Retype only the lines running from the beginning of the entries below to the line with "CALORA_ Dames Sandalen", both included. Do not include pictures.

START Working data

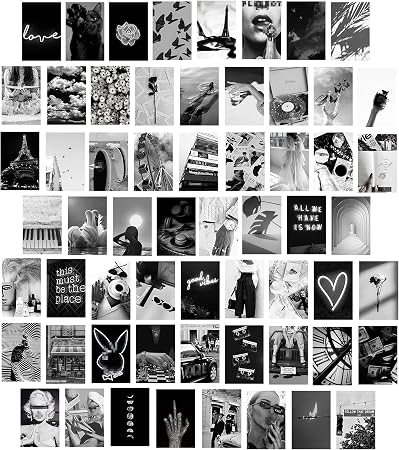 Amazon Com Btaidi White Black Aesthetic Wall Collage Kit 60 Pieces 4x6 Inch Teen Girls Bedroom Decor Dorm Wall Decor Photo Collection Posters Prints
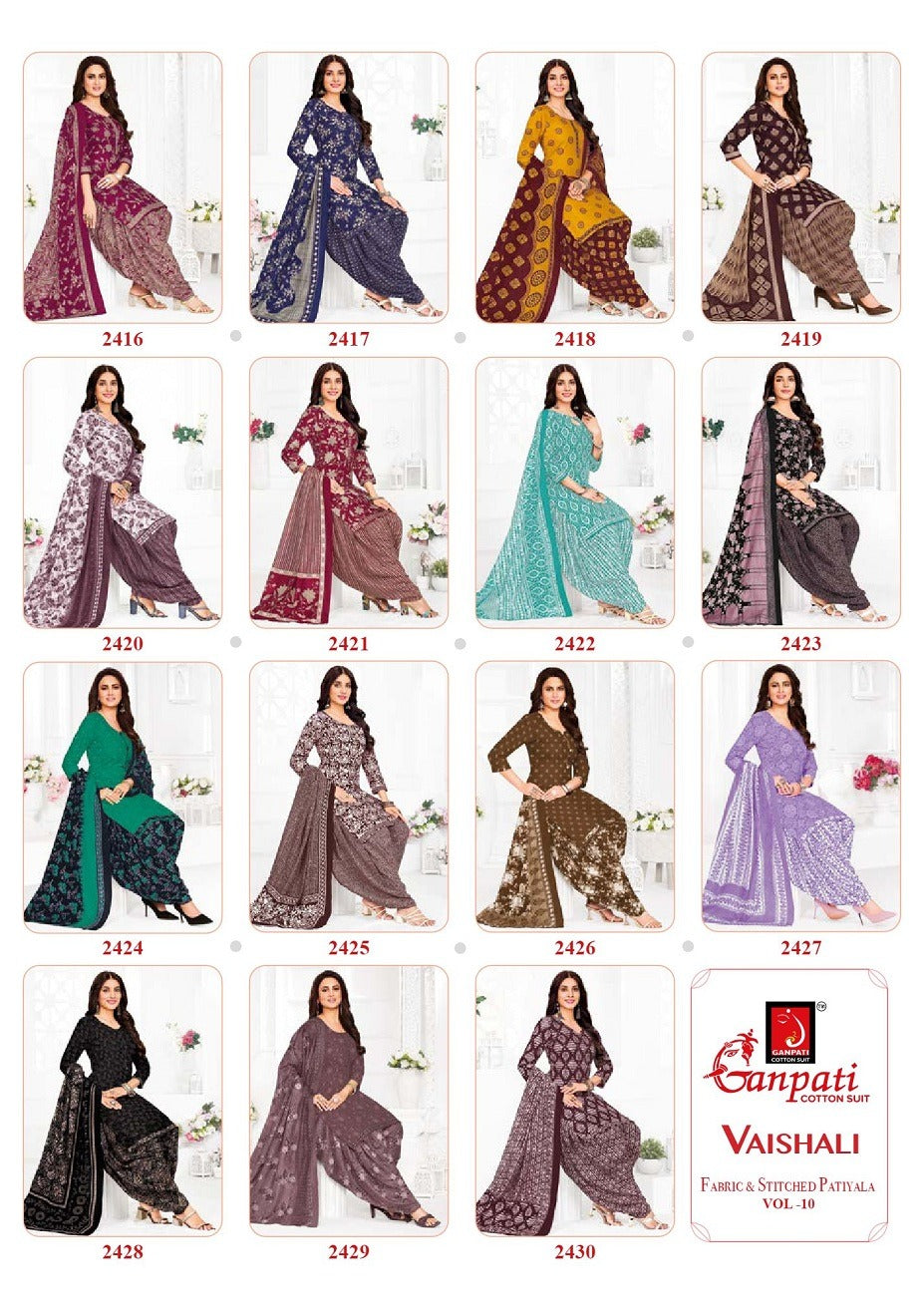 Vaishali Vol 10 Ganpati Cotton Readymade Patiyala Suits Exporter India
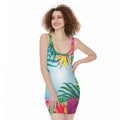 Hawaiian Aloha Flower Print Sleeveless Bodycon Dress
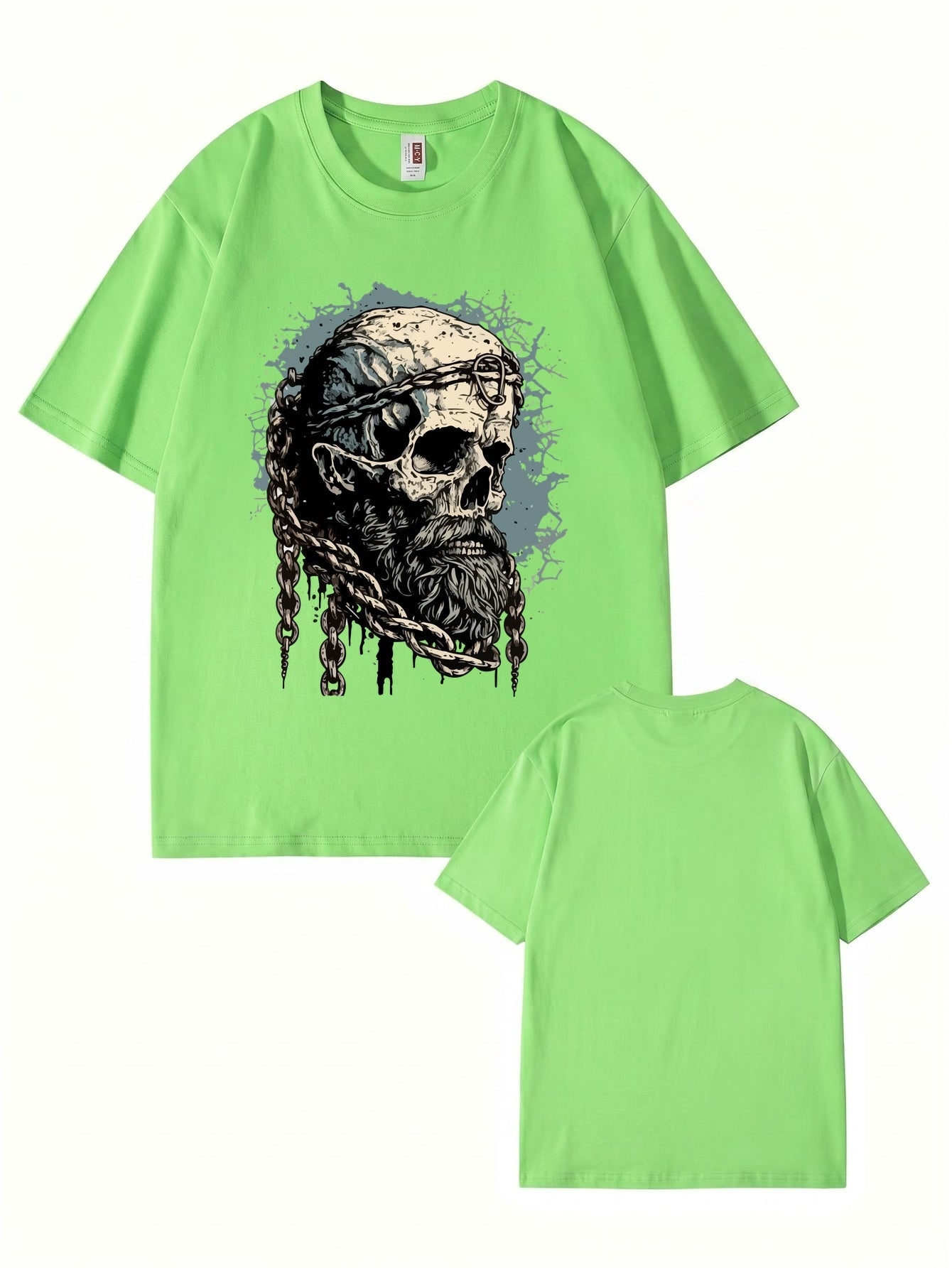 Viking Skull Chains Graphic T-Shirt - Premium 200gsm Cotton Streetwear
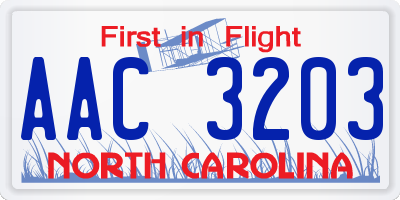 NC license plate AAC3203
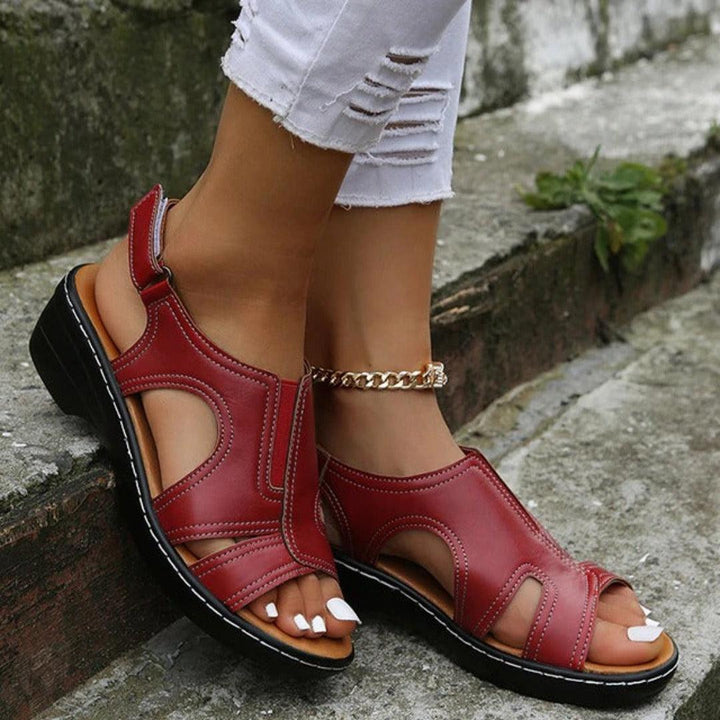 CALORA_ Dames Sandalen met Ondersteuning voor de Voetboog en Comfortzool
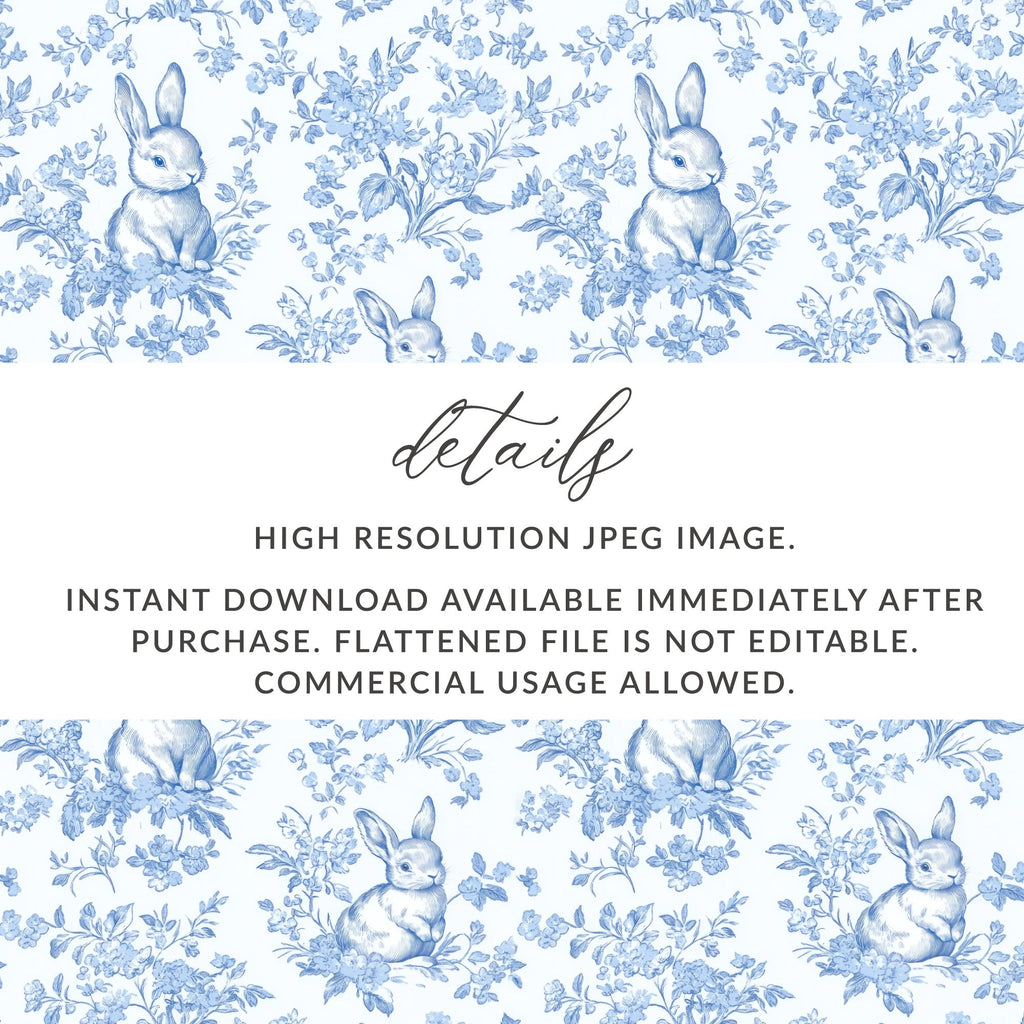 Light Blue and White Baby Boy Blue Floral Bunny Seamless Pattern for Spring Decor - Moore and Mountain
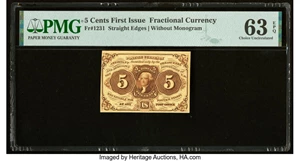 image for: Fr. 1231 5¢ First Issue PMG Choice Uncirculated 63 EPQ....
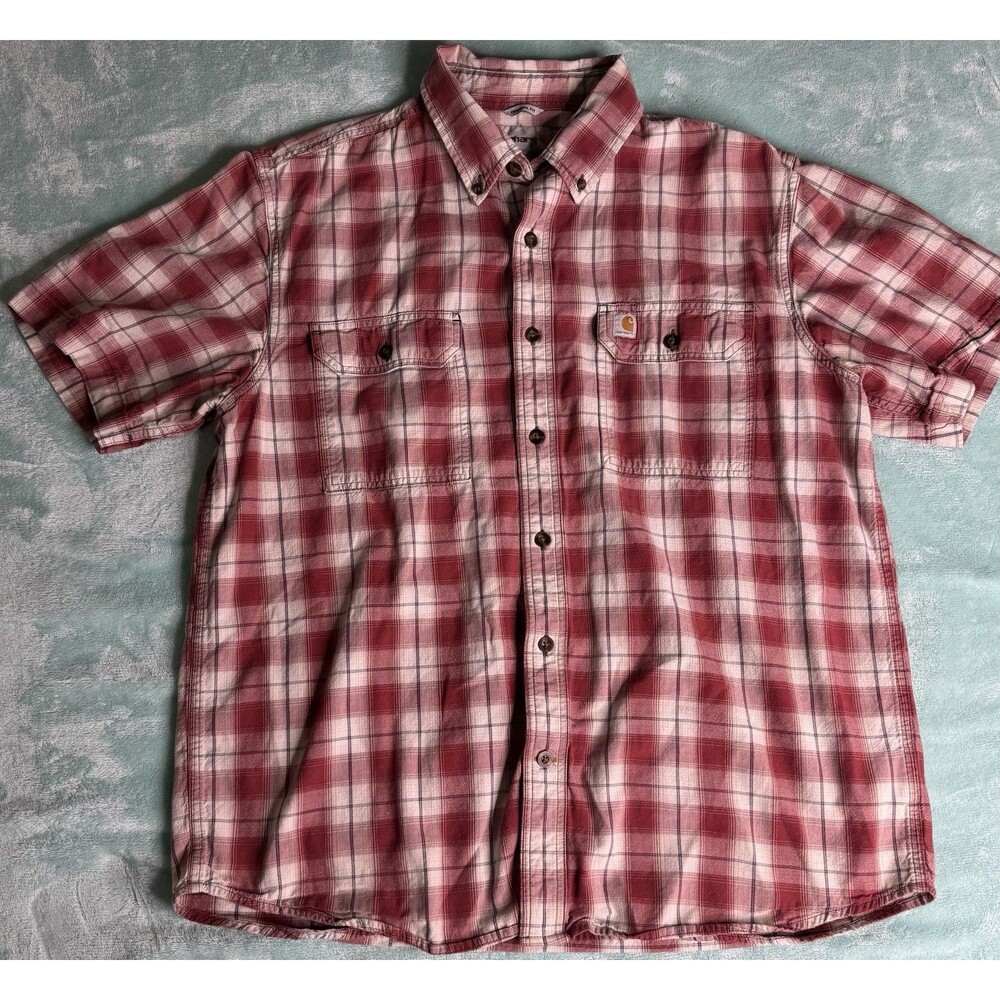 Carhartt Shirt Mens Large Red Plaid Short Sleeve Button Down Original Fit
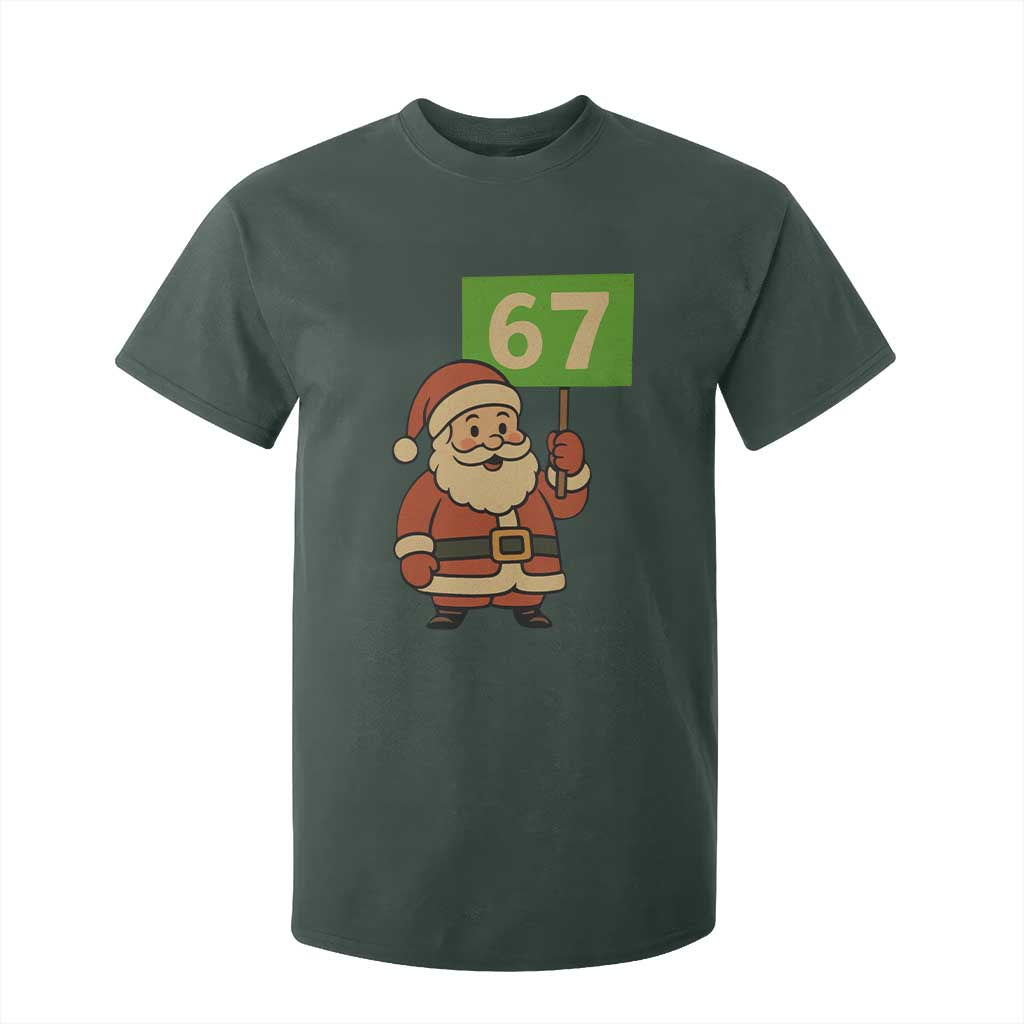 67 Christmas T Shirt For Kid Funny Six Seven Meme Brainrot Santa Claus Boys TS10 Dark Forest Green Print Your Wear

END Working data

▶ Answer space:
 Amazon Com Btaidi White Black Aesthetic Wall Collage Kit 60 Pieces 4x6 Inch Teen Girls Bedroom Decor Dorm Wall Decor Photo Collection Posters Prints
 Vaishali Vol 10 Ganpati Cotton Readymade Patiyala Suits Exporter India
 Hawaiian Aloha Flower Print Sleeveless Bodycon Dress
 Viking Skull Chains Graphic T-Shirt - Premium 200gsm Cotton Streetwear
 NC license plate AAC3203
 CALORA_ Dames Sandalen met Ondersteuning voor de Voetboog en Comfortzool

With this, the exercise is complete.